[Data excerpts]
*** Block opens ***
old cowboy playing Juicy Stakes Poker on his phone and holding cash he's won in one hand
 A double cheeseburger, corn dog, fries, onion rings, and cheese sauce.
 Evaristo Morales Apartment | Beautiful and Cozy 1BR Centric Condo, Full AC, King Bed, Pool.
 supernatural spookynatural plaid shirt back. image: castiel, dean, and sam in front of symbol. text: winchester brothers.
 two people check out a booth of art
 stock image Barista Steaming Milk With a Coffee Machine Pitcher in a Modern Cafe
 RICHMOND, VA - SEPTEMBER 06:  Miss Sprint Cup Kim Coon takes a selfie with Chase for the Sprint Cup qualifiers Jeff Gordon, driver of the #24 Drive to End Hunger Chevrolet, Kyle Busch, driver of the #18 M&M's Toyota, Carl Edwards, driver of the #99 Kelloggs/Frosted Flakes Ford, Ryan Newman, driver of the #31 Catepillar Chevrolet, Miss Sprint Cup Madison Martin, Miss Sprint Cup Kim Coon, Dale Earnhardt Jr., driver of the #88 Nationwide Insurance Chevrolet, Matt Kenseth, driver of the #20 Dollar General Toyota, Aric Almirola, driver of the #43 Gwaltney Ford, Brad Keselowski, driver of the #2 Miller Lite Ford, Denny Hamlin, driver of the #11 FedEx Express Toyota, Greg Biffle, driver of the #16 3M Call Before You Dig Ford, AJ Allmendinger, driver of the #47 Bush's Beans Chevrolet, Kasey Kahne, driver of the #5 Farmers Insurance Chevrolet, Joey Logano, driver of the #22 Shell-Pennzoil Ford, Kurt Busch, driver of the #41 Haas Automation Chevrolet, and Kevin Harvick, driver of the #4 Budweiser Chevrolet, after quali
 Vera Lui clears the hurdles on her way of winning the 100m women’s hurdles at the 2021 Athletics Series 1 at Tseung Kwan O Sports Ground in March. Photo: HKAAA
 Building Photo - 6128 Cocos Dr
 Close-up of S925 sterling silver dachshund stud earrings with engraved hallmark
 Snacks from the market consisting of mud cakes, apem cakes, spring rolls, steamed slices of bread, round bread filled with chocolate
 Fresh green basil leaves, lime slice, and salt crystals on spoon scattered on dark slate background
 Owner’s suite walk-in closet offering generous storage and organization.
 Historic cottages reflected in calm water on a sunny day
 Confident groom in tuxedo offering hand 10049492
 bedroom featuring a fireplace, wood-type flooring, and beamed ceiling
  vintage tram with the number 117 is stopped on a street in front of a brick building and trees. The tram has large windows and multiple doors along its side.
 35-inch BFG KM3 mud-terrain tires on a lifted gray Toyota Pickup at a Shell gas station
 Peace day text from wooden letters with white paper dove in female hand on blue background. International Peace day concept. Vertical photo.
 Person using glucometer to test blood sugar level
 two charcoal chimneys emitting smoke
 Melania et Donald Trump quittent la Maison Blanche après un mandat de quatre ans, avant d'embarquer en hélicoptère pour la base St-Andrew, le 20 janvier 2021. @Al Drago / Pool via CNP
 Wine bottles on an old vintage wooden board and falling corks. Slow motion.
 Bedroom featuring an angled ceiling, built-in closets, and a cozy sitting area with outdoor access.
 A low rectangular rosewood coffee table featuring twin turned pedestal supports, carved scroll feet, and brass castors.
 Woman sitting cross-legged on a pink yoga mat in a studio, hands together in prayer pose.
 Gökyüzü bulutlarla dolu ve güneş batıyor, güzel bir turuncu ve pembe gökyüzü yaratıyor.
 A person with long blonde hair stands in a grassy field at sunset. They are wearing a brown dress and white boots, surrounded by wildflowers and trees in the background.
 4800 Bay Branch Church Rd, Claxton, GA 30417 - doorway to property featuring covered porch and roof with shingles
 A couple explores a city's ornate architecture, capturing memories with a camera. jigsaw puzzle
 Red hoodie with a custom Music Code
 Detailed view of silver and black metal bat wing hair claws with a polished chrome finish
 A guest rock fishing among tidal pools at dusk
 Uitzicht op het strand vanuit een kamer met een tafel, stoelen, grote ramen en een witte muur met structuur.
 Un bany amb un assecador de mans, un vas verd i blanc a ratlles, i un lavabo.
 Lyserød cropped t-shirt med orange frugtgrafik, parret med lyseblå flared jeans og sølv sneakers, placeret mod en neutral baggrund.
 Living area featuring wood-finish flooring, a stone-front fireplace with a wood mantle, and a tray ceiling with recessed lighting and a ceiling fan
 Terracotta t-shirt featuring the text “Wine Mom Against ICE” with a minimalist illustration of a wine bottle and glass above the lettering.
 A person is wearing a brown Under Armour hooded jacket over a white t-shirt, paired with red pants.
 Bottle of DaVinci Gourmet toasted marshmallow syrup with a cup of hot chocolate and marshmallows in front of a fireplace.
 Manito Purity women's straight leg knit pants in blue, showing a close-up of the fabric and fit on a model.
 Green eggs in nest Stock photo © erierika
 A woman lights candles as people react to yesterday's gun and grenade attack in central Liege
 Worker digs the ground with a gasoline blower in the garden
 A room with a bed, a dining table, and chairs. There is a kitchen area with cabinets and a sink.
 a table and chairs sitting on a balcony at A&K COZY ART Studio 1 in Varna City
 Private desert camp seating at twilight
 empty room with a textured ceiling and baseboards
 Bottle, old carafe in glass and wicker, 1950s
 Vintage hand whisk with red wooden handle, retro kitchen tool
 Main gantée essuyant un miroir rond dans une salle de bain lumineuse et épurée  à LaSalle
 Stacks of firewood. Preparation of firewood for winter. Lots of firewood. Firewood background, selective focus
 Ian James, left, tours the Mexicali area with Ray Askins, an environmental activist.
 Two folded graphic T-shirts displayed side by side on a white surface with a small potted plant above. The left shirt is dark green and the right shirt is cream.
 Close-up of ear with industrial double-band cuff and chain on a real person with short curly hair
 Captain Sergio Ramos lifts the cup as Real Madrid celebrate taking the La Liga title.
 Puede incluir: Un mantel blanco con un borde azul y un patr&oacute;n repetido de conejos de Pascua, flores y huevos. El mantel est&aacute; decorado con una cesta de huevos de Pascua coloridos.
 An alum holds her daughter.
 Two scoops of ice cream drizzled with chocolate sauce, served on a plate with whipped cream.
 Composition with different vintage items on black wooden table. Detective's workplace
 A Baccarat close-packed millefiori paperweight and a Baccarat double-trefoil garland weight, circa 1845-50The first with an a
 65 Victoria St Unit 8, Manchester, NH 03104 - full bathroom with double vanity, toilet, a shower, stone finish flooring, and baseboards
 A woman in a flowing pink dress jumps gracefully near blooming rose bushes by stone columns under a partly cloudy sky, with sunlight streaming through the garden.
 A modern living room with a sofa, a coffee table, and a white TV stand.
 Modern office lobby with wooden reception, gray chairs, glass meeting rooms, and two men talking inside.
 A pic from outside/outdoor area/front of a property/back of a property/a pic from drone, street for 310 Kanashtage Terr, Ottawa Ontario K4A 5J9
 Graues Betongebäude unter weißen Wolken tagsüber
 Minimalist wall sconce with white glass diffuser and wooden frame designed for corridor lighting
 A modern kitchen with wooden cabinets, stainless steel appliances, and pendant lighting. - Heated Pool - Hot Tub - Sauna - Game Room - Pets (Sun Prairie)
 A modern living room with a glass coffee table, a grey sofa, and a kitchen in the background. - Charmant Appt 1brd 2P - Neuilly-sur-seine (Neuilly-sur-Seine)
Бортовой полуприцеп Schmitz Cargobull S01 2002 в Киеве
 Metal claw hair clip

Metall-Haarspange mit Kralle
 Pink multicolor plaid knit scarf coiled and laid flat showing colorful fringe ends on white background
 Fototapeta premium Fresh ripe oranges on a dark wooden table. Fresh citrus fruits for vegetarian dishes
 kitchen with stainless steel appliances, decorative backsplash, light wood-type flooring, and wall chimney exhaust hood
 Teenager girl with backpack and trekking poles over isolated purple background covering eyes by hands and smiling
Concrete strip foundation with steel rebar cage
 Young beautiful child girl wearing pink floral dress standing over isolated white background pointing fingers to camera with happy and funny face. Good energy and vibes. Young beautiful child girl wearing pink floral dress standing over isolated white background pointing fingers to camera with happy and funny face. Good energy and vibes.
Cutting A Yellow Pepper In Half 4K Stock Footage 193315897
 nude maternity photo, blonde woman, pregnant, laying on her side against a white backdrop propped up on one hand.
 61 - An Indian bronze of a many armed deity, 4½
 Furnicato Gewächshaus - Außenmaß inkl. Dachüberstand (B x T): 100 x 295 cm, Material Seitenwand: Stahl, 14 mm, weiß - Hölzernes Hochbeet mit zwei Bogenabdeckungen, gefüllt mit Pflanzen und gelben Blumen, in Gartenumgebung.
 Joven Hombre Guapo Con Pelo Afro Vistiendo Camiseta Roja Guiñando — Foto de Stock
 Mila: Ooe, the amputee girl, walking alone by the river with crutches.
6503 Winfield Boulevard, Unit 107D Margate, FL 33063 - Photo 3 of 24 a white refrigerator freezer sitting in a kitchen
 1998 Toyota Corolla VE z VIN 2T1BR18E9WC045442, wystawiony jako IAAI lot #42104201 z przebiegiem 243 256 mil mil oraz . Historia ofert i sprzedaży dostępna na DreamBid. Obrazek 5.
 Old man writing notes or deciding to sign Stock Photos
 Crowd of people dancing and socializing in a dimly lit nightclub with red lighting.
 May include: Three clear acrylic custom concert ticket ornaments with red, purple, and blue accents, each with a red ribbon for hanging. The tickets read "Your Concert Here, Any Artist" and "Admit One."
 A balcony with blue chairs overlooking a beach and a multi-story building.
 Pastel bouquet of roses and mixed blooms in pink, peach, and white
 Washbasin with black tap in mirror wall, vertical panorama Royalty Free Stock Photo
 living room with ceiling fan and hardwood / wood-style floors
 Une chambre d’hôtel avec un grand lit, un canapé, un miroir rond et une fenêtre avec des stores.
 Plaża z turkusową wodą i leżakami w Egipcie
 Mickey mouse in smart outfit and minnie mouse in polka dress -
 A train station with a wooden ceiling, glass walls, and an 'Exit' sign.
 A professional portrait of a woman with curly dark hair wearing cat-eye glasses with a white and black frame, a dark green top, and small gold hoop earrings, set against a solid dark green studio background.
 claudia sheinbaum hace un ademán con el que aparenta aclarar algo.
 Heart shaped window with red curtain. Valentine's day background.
*** Block closes ***
* What to produce: Copy out each line of the records where the word "miroir" appears.

* Result:
 Main gantée essuyant un miroir rond dans une salle de bain lumineuse et épurée  à LaSalle
 Une chambre d’hôtel avec un grand lit, un canapé, un miroir rond et une fenêtre avec des stores.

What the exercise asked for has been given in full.